At the top of this email I also talked about how I’m interested in data services, that is data available over the web that we can consume via an API and use for our own knowledge discovery and I was introduced to such a data service just yesterday when listening to Jon Udell’s “Interviews with Innovators” podcast. In the most recent episode Jon interviewed Stephen Willmott whose company 3scale Networks has taken it upon themselves to make data held by the United Nations freely available via a data service to anyone that would like to consume it [UPDATE: Read Jon's own writeup of the interview at Influencing the production of public data]. For example, if you want to know the United Kingdom population’s annual growth rate since 1991, that data is available, for free, at http://undata-api.appspot.com/data/query/Population%20annual%20growth%20rate%20(percent)/United%20Kingdom?user_key=XXXX (you need to sign-up for a free user-key and substitute it for XXXX in order for this query to work) and is returned like so:
“Wouldn’t it be cool” I thought, “if I could consume that data inside of Excel using Gemini”, perhaps in this example to combine it with birth rates over the same period to discover if there is a correlation between the two. At the time though I didn’t know if Gemini made it possible to consume data directly from data sources so I went straight to ask the man who would know, the aforementioned Donald Farmer. I contacted Donald over Twitter and here is the conversation that ensued:
- Me: @donalddotfarmer Is there a list of data sources types from which #Gemini can get data? Interested in data from web APIs e.g. undata-api.org (link)
- Donald: @jamiet I'll need to check out that site in particular, but we do support Atom feeds. (link)
- Me: @donalddotfarmer Ahh that's good news. How about POX/RSS? Does Gemini allow us to parse it or use XQuery? (link)

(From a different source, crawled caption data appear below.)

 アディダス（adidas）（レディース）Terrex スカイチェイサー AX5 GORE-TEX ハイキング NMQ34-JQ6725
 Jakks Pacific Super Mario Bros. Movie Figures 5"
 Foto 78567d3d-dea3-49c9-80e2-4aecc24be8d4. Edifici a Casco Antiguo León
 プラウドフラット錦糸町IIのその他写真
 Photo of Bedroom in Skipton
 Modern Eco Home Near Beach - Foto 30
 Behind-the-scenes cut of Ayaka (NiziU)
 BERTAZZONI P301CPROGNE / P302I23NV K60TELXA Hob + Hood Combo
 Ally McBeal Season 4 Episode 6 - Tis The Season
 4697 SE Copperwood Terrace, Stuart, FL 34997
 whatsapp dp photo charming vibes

- Donald: @jamiet No we don't support XQuery - we just consume Atom feeds as they come - the users can then filter and sort in Gemini (link)

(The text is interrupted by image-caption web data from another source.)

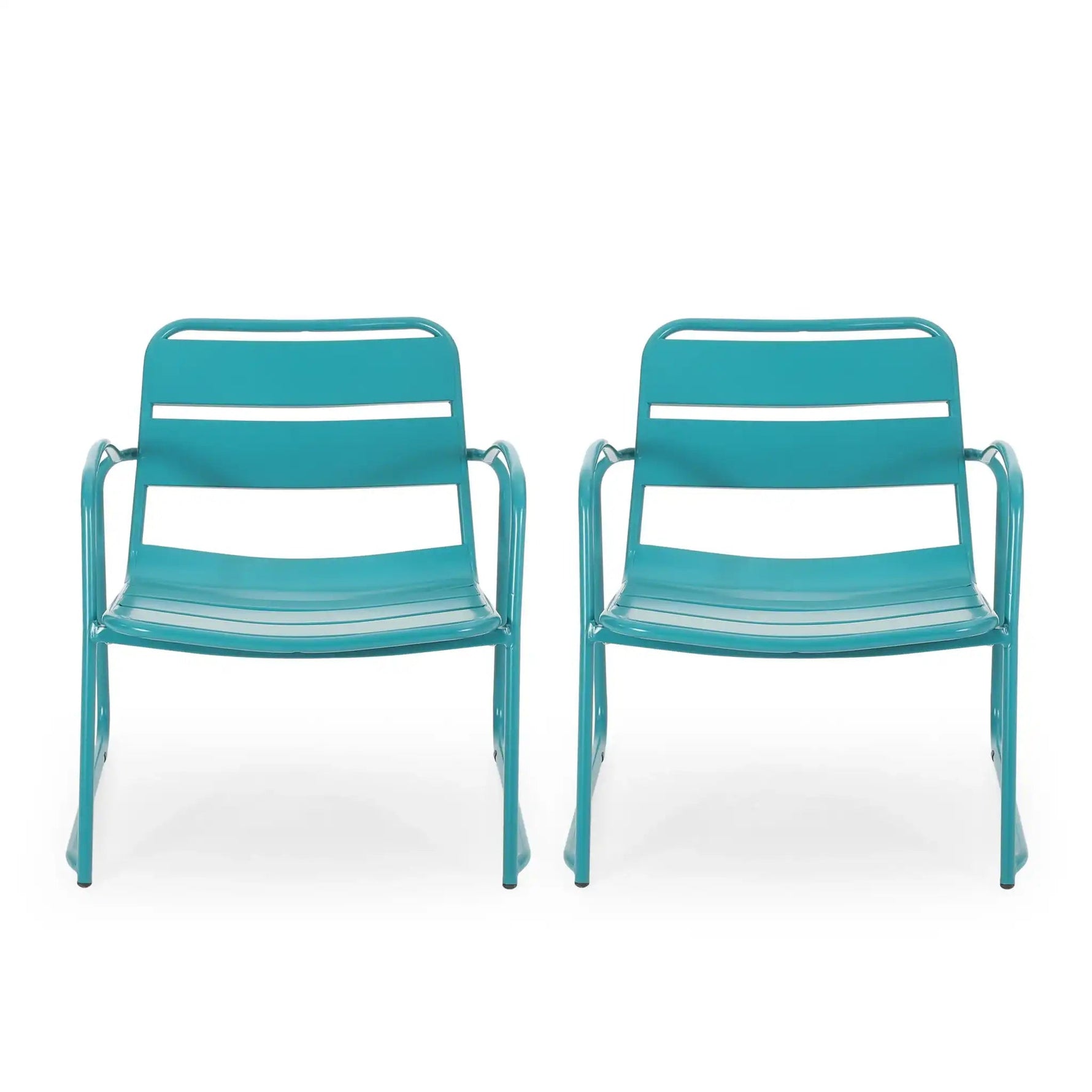 Conrad Outdoor Chair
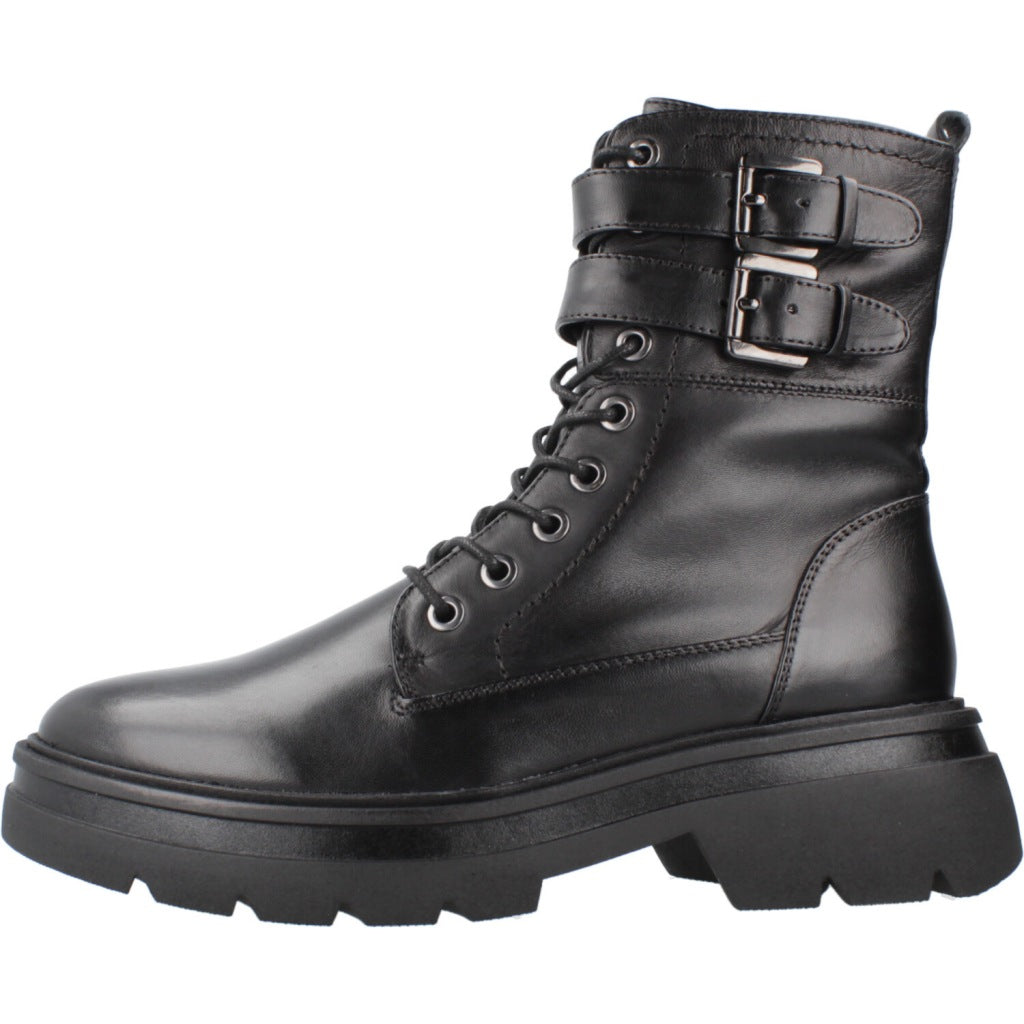 REGARDE LE CIEL POLLY en color BLACK  (2)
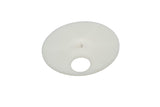 Whirlpool Hardware W11662107 replacement part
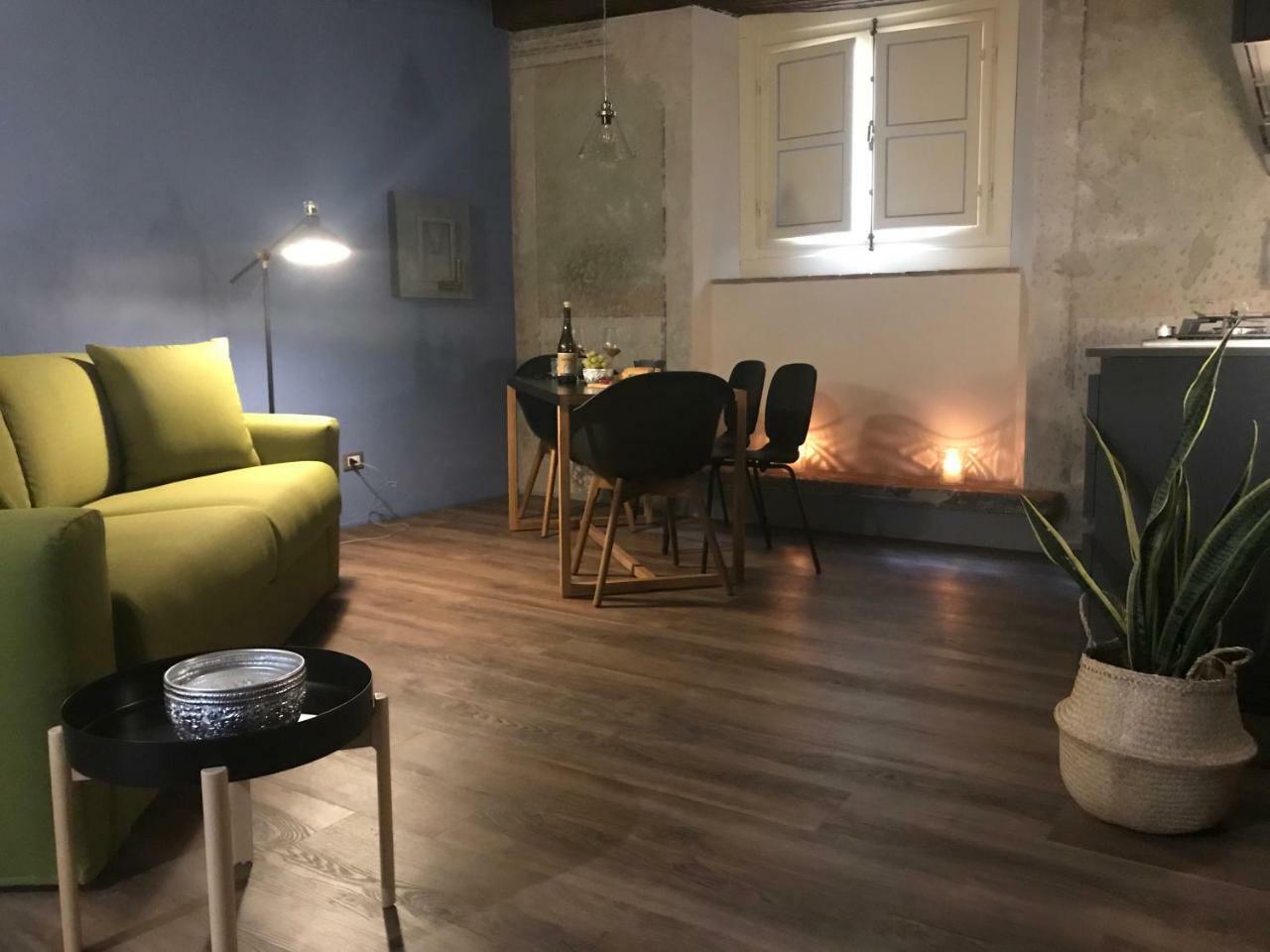 Luccastay 18 Экстерьер фото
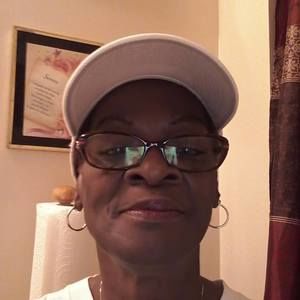 Meet your Posher, Joyce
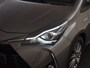 Toyota Yaris 1.5 Hybrid Active | Camera | Navigatie | LMV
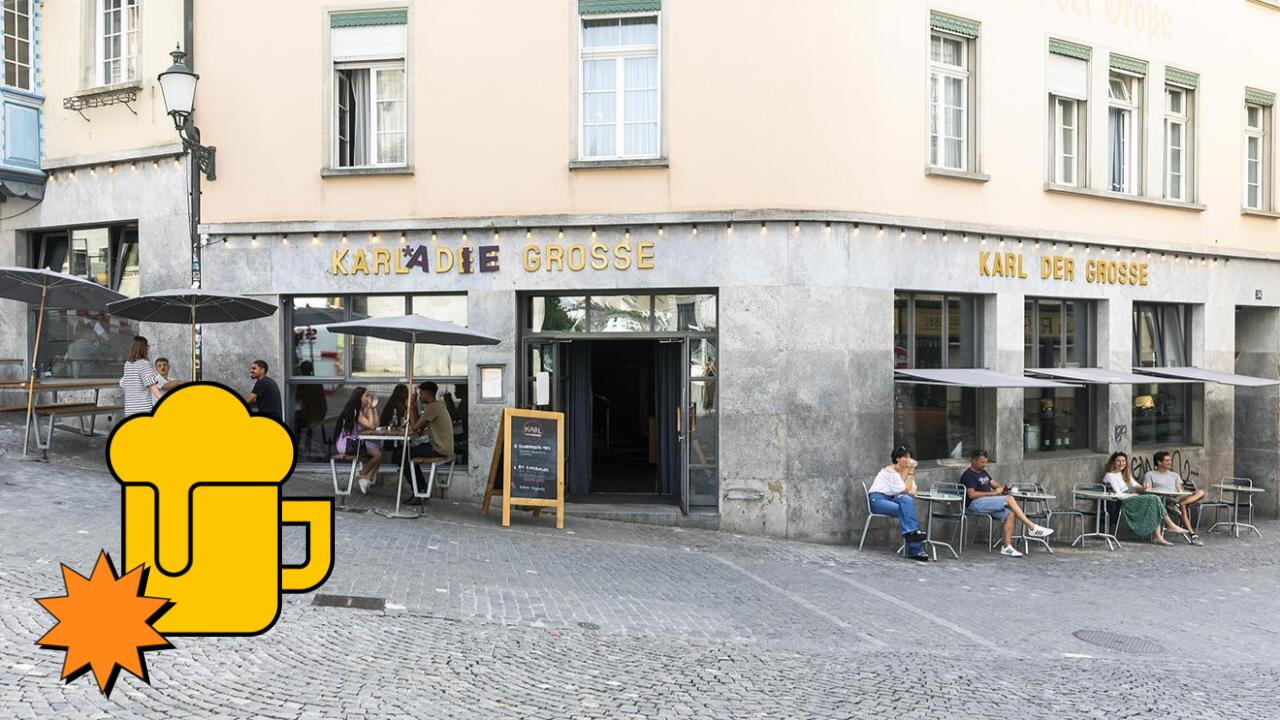 Themenbild-Stammtisch_Karl-der-Grosse.pptx.jpg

- Me: @donalddotfarmer OK, so Atom only right now. Looking forward to getting hands dirty, think I know what 1st feature request will be :) (link)
Lots of techy abbreviations in there so let me summarise. Gemini will be able to consume data from web services that deliver it in the popular Atom XML dialect (more on Wikipedia) which is great news and no great surprise given that Microsoft announced in February 2008 that Atom would be their XML syndication format of choice going forward (see my blog post Windows Live Dev announcements for a more complete commentary). I happen to know that the United Nations data provided by Stephen Willmott is not currently delivered in Atom format but no matter, at least things are moving in the right direction and as I alluded during my last tweet to Donald I’ll be asking for support for other syndication formats in the future.
This has turned into a rather rambling blog post so I’ll call a halt here. As always though I’d be interested to know other people’s thoughts on data services, usage of that data in enterprises or anything else I’ve mentioned herein so if you have any thoughts please leave comments in the space below!